The paper introduces a novel approach for addressing the hierarchical search space in Bayesian optimization. This approach involves a tree-structure-oriented embedding to represent the search space and employs a deep kernel based on an attention-oriented encoder to capture the structure within the Gaussian process in Bayesian optimization. Empirical results presented in the paper provide evidence of the effectiveness and efficiency of the proposed embedding and the attention mechanism within the kernel.
优点
-
The paper is generally well-structured, conveying essential concepts through figures and visual representations of structures.
-
The paper introduces a novel embedding based on tree structures to incorporate the known hierarchical structure of the objective in Bayesian optimization. It demonstrates the effectiveness of this approach with both general empirical studies against baselines on various tasks and ablation studies.
-
Additionally, the paper integrates recent advancements in the attention mechanism from natural language processing into Bayesian optimization, connecting these two distinct domains.
缺点
-
The most concerning problem is the motivation and problem setup. While the author argues that the proposed embedding and modeling are designed to deal with specific hierarchical dependencies, there is neither a formularized statement of the problem involving the hierarchical structure (only a short footnote in the introduction and an example which is illustrated in Figure 1) nor a clear definition or statement of considered 'hyperparameters' (it seems that the paper deal with the anisotropy of the objective yet this is not clearly defined). The essential concepts need to be more specific throughout the paper. Otherwise, the vagueness undermines the soundness and contribution of the paper.
-
The discussion on related work is limited. For example, the recent advancement in casual-model-based BO methods [1,2] that also explicitly deals with the dependencies on the search space needs to be included.
-
Some results are placed in the appendix but are actually critical while insufficient. The ablation study doesn't show consistent improvement over AttnBO-no-emb in both Figure 13-c and Figure 14-a. Apart from the ablation study, the visualization of the attention maps only uses two random seeds and, therefore, lacks significance.
-
The baselines in the experiment are insufficient compared to the related methods discussed in Section 2. Specifically, Naïve DKL-based BO or VAE-based BO are not compared as baselines. This comparison could serve as the ablation study of the proposed encoder-based AttenBO.
-
The paper's primary contribution resides in the domain of representation and kernel learning, offering a novel solution for the Gaussian process in the context of structured input. The acquisition function is not tailored to this particular setting. The proposed method should be discussed within the broader scope of GP studies rather than being confined to a Bayesian optimization-oriented approach. In that sense, the intermediate evidence of improved GP regression is far from sufficient.
Reference
[1] Aglietti, Virginia, Xiaoyu Lu, Andrei Paleyes, and Javier González. "Causal Bayesian optimization." In International Conference on Artificial Intelligence and Statistics, pp. 3155-3164. PMLR, 2020.

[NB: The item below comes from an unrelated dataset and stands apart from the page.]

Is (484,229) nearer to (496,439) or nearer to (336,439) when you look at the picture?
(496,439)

[2] Sussex, Scott, Anastasiia Makarova, and Andreas Krause. "Model-based causal Bayesian optimization." arXiv preprint arXiv:2211.10257 (2022).
问题
-
Could the author comment on how deep kernel learning converges with limited training data, especially given that overfitting is a known problem in DKL when trained with log-likelihood as training loss [3]?
-
Could the author discuss the impact on the optimization performance if the proposed embedding is applied with the classical DKL instead of the attention-oriented structure and offer corresponding empirical evidence?
Reference
[3] Ober, Sebastian W., Carl E. Rasmussen, and Mark van der Wilk. "The promises and pitfalls of deep kernel learning." In Uncertainty in Artificial Intelligence, pp. 1206-1216. PMLR, 2021.